L'AVVERTIMENTO DI SACCONI. Alla vigilia, Maurizio Sacconi per Ncd aveva lanciato un avvertimento che lasciava poco spazio all'immaginazione, dal momento che tirava in ballo la vita stessa del governo. E i ministri del nuovo centrodestra hanno cercato fino all'ultimo di imporsi in Cdm, arrivando - ha riferito qualche fonte - anche a ventilare la possibilità di non partecipare alla riunione.

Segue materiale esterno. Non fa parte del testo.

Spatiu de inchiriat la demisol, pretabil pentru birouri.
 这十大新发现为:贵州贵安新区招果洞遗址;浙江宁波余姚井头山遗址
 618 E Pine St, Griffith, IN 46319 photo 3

MINORANZA PD SUL FRONTE OPPOSTO. Sul fronte opposto, però, si sono collocati quegli esponenti della minoranza Pd (Speranza, Damiano, Epifani) che vohanno tato il Jobs act alla Camera solo al termine di una lunga mediazione e dopo aver ricevuto rassicurazioni. Ma Renzi, come racconterà lui stesso in conferenza stampa al termine dell'inedito Cdm della vigilia di Natale, ha evitato il deflagrare dello scontro senza cedere alle pressioni. E al termine di una riunione lunga tre ore ha annunciato un testo nel quale ha stoppato l'opting out e i licenziamenti per scarso rendimento chiesti dagli alfaniani, ma ha assicurato anche che il testo dei decreti delegati «è aperto al contributo delle commissioni parlamentari» che dovranno dare i pareri. Un passaggio che consente al Ncd, hanno spiegati fonti di governo, di rivendicare il passo avanti compiuto considerando non chiusa la partita.
SPERANZA TWITTA GLI AUGURI A SACCONI. La scelta del premier ha però fatto esultare la sinistra Pd, che ha festeggiato l'impronta «più di sinistra» che assume il decreto sulle tutele crescenti («Buon Natale Sacconi», ha twittato Roberto Speranza). Ma Renzi ne ha avuto anche per loro e ha ricordato a chi da sinistra reclamava più tutele, l'arrivo dei nuovi ammortizzatori sociali.